What is Interactive Analytics service, and is it available for the general public?
It is a sub-second real-time data warehouse. It offers the ability to analyze a massive amount of data interactively, and it is fully compatible with PostgreSQL. We combined large scale Computational Storage – low cost, high performance, and high availability with highly-performed ingestion and query that offers low latency, high throughput, and high concurrency.
Interactive Analytics is widely used inside Alibaba. It is adopted internally by Search, Recommendation, and Ads products and also is available in AliCloud. Lots of customers use it as a private cloud. The public cloud is in the beta stage. It is available in Chinese. We are actually in the process of translating it to English, and we plan general availability in a couple of months.
What are the primary technology highlights of Interactive Analytics?
The goal was to build a low cost for user, large scale computational storage. It is serverless, and user doesn’t have to worry about buying servers and the standard set of things. We will take care of that, and it’s low-cost. It’s a cloud-native so we can do a separation of compute and storage and also unify the storage from both streaming processing and batch processing. For the engineering effort, we build a C++ Native Execution Engine and Query Optimizer and also a storage engine.

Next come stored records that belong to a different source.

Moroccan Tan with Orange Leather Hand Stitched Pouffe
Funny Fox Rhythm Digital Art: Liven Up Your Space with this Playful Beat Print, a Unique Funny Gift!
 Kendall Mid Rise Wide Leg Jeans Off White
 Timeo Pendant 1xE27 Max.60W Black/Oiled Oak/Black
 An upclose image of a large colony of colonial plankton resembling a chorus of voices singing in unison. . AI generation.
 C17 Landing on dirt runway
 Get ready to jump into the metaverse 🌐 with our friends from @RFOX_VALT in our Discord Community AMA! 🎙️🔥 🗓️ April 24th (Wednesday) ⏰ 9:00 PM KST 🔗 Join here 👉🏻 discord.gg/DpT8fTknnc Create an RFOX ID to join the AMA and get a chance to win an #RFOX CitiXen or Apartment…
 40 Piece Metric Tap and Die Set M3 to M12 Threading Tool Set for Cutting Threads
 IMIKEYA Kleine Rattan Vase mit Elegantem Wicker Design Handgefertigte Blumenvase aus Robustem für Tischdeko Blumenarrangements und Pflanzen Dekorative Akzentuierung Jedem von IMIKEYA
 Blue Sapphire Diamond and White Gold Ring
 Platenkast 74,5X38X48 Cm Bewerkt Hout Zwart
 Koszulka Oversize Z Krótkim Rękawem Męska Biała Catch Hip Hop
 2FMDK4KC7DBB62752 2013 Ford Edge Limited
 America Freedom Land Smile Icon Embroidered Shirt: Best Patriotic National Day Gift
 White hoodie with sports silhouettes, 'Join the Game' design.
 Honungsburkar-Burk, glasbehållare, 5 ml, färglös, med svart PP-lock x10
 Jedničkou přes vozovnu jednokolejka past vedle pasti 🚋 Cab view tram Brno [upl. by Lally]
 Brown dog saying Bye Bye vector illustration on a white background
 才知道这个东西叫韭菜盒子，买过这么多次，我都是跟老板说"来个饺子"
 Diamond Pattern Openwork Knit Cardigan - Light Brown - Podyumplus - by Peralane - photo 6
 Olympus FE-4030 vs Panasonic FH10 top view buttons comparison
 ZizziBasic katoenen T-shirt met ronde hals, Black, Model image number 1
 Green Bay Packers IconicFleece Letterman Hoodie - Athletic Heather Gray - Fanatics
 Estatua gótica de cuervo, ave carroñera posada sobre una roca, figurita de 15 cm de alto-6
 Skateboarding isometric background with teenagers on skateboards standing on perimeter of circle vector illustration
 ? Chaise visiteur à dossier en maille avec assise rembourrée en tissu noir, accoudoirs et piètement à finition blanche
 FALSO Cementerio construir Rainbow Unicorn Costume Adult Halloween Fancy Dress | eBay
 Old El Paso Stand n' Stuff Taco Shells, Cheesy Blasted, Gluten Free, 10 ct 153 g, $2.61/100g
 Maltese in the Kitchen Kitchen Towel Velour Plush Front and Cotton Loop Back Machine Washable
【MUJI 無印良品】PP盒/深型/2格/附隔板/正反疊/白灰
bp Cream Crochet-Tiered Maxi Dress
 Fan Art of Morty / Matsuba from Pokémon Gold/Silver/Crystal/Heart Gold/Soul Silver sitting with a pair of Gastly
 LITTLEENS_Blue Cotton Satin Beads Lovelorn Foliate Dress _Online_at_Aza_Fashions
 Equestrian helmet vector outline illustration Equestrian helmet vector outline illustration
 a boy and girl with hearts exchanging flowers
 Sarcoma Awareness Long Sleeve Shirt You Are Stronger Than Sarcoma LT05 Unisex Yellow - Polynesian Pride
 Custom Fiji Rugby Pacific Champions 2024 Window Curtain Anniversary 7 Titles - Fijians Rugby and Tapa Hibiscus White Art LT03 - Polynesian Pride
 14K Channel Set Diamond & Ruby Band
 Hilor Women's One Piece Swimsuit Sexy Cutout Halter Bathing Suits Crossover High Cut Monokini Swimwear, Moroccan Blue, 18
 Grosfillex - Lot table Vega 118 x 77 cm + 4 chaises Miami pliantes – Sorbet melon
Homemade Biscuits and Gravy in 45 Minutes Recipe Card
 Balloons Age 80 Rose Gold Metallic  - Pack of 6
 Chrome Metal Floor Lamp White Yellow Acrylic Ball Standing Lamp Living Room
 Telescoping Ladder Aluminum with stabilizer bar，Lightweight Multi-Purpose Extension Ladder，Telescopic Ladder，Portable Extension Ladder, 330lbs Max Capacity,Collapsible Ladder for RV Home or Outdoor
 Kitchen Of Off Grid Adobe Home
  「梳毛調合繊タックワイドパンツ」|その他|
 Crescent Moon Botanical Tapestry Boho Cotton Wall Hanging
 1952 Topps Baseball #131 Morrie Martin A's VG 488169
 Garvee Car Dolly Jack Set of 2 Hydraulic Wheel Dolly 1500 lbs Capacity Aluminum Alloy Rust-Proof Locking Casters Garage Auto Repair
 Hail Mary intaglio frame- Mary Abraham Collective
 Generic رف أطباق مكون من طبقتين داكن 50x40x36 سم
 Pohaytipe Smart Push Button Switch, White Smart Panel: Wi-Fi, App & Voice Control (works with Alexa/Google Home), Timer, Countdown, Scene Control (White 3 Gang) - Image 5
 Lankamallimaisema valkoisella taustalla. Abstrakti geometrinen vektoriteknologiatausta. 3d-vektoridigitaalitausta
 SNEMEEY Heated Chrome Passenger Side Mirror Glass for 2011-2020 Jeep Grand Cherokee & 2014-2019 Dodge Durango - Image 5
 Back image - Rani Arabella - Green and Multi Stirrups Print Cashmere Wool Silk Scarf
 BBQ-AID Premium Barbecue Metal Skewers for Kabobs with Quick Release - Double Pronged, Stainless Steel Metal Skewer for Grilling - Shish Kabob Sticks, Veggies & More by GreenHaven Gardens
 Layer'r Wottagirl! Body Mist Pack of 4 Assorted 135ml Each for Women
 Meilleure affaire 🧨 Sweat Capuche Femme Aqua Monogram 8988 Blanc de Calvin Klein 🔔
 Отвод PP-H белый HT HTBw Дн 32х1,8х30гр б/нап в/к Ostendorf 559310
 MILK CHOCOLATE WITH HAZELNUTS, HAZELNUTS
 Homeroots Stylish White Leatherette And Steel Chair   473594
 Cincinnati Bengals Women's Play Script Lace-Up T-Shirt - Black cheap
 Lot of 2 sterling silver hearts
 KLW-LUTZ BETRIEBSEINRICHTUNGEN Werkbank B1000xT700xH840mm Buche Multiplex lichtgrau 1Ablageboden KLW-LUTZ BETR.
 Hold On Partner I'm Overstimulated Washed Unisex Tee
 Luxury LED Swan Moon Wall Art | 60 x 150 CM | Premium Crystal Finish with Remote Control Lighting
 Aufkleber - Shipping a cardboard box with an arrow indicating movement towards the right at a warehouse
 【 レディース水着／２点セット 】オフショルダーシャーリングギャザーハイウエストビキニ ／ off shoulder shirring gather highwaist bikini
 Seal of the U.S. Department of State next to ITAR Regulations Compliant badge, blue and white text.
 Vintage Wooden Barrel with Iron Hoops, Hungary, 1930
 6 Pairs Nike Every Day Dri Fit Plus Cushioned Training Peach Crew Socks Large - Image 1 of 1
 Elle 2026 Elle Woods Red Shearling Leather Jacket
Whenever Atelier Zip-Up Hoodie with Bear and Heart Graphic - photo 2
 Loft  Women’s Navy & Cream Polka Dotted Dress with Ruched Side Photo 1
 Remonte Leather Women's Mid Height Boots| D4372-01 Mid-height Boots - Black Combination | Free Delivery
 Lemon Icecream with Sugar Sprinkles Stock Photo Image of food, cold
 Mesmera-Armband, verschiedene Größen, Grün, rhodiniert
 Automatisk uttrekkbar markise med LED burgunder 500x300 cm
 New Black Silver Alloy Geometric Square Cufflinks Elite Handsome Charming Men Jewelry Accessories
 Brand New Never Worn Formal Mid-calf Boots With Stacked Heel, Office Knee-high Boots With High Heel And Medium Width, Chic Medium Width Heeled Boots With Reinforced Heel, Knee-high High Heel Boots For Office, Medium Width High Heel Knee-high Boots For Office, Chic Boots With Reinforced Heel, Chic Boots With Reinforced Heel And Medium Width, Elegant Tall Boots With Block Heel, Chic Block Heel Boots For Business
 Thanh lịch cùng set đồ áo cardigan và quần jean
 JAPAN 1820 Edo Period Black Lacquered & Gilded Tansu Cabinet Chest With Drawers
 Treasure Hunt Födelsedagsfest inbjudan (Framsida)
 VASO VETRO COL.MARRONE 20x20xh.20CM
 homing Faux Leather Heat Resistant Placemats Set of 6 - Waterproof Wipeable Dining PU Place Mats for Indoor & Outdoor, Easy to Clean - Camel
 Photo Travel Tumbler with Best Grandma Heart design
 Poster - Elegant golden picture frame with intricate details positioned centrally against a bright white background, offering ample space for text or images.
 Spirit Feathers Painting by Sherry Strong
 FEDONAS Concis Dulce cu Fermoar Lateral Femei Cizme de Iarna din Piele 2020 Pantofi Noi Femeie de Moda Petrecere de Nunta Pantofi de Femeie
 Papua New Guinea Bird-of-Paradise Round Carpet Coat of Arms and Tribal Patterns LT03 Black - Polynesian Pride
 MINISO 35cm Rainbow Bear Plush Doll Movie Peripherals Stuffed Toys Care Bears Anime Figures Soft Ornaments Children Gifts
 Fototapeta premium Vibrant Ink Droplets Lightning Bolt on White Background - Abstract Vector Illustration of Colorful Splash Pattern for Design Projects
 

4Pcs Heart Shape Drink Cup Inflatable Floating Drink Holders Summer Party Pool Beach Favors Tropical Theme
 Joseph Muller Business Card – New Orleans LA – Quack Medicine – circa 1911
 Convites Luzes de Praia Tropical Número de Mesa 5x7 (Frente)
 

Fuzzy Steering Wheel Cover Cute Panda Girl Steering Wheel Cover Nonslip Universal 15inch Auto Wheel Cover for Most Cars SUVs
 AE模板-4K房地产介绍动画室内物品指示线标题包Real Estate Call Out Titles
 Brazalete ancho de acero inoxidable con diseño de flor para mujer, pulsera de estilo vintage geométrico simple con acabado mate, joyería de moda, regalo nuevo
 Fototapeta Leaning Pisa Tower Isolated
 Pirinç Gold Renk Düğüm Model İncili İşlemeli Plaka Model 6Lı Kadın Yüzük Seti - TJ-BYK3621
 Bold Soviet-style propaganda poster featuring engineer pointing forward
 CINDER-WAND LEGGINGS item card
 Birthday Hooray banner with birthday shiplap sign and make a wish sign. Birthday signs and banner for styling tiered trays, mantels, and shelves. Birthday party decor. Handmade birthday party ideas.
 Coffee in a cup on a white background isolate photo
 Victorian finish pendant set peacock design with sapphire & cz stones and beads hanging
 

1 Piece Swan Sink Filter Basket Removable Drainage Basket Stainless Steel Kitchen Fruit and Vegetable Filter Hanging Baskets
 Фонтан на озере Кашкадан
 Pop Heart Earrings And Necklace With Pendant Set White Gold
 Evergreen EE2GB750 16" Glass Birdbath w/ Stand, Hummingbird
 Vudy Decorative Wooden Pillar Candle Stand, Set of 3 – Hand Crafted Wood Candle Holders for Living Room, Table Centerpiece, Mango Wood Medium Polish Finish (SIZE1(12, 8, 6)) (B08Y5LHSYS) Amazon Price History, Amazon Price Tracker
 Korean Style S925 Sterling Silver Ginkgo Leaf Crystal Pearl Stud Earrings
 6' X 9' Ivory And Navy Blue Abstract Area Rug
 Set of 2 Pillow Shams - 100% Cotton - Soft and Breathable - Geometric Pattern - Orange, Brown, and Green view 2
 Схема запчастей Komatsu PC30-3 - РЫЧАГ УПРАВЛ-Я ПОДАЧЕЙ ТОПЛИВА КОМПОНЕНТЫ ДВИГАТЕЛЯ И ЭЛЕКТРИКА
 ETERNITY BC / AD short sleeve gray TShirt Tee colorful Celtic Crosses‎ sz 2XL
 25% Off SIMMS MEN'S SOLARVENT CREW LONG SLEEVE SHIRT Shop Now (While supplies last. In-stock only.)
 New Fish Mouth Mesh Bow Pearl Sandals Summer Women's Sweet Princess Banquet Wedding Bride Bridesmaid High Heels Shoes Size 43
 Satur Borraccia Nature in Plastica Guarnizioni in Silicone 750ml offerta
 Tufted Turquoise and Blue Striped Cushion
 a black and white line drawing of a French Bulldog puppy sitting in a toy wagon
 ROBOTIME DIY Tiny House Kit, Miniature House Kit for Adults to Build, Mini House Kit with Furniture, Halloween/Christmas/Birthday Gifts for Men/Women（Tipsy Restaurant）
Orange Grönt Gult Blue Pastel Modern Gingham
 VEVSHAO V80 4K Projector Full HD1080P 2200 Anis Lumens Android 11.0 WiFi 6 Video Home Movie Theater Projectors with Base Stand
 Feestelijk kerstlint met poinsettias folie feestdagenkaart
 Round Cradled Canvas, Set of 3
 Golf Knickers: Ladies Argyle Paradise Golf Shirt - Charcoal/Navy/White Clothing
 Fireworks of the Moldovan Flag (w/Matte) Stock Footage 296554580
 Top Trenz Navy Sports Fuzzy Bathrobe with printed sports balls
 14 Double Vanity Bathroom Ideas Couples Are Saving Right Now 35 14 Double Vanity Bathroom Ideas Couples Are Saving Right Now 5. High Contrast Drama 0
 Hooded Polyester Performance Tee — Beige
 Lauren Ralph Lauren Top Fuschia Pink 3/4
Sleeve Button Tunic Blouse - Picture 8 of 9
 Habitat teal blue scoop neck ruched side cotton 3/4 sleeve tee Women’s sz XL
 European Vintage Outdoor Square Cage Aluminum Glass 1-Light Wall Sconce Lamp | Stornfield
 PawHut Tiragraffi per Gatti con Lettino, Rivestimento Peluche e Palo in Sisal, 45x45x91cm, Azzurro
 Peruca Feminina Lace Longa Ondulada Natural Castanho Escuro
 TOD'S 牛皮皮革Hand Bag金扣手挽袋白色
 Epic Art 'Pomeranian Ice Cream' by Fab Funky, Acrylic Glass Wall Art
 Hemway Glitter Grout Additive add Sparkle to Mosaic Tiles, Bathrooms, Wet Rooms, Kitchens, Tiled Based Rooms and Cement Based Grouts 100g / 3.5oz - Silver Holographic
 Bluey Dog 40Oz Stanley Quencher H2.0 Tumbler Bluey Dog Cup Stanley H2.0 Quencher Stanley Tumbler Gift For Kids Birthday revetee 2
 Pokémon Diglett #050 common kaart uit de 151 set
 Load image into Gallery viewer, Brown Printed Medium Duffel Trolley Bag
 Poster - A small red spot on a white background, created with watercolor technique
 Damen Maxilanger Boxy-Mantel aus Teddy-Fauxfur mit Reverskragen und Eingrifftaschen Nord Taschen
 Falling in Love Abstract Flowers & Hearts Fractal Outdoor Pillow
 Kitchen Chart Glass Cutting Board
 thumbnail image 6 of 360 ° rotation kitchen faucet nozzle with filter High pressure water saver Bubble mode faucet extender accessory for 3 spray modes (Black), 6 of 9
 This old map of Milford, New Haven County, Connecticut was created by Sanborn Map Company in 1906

Why did the company decide to build this service from the ground up?
We were looking for a product for simple queries. But there was nothing on the market. First, at Alibaba, there were internal talks about some existing computational storage systems, mainly open source products. We took a close look at Apache databases – HBase and Cassandra. They are suitable for highly concurrent, simple queries. They are also called NoSQL databases, but today often they have some SQL layers – at HBase, they have Apache Phoenix, and Cassandra has CQL. Internally you have a straightforward interface, so it’s very suitable for simple queries. We also looked at products like Druid and Apache Kudu. Actually, Druid is the system that we used inside Alibaba before we build Interactive Analytics. They are not suitable for simple queries. They are best for complex big scans. And we wanted to create a system to support both scenarios.
But you also decided to use some existing systems for this product?
Before we do the system, we had to make a decision: should we build our own client system, so the user writes the new code to deal with it? We decided that it’s not good for the user to adopt a new system. It’s actually really hard, so we looked at the existing systems. We found that we can just leverage the PostgreSQL system to do that. It’s already widely used, and there are lots of tools. We have a command line, clients, and Tableau. So you will speed up the adoption rate.
What was the main challenge for the Interactive Analytics team?
Alibaba is the biggest e-commerce company in China. It has close to 1 bln customers. So every day we have a lot of data coming. We just needed extreme performance. So in every component in our system, we want to get the best performance. That is why we support row-oriented and column-oriented storage.
We have vectorization in query execution, high concurrency, and we efficiently use compute resources.
We use C++ to make sure stable low latency; we cost-base query optimize and leverage the character of storage. We have highly efficient resource management and scheduling service.
What are the typical business scenarios for the service?
The first typical business scenario is online processing, real-time A/B testing. We start at the activity logs the user clicks, and it goes through the internal DataHub. Then you go through the real-time compute – inside Alibaba, we use the enhanced version of Flink. It offers performance ten times higher than open-source Apache Flink, and five to ten times higher than Apache Spark for some performance metrics. Then the data goes to the Interactive Analytics, and immediately it can be used for real-time reporting and also customer computer models to analyze user behavior.
The second business scenario is offline processing acceleration. We have MaxCompute. It is Alibaba’s version of the MapReduce system. It offers more performance and more scale than the existing open-source version of Apache Hive. So user store the data in MaxCompute. It’s a MapReduce job to get the result. However, they have high latency. So if the user wants to speed up to get the quick response, we can ingest part of the Maxcompute data and then use some other tool like Tableau, SmartBI, Fine Report, Quick BI or Data Service to use it immediately.
The third scenario is when we want to combine offline processing and data streaming processing data into one place so that it can immediately be used in the dashboard and real-time reporting and online application.
So, in summary, the scenarios we try to support are dashboard, real-time BI reporting, user profiling, and monitoring, and alerting. The system we build has already been used inside Alibaba for e-commerce, IoT, and the financial department. It is also used outside our organization. We sold it for some customers as a private cloud to use it in the area of Public Safety.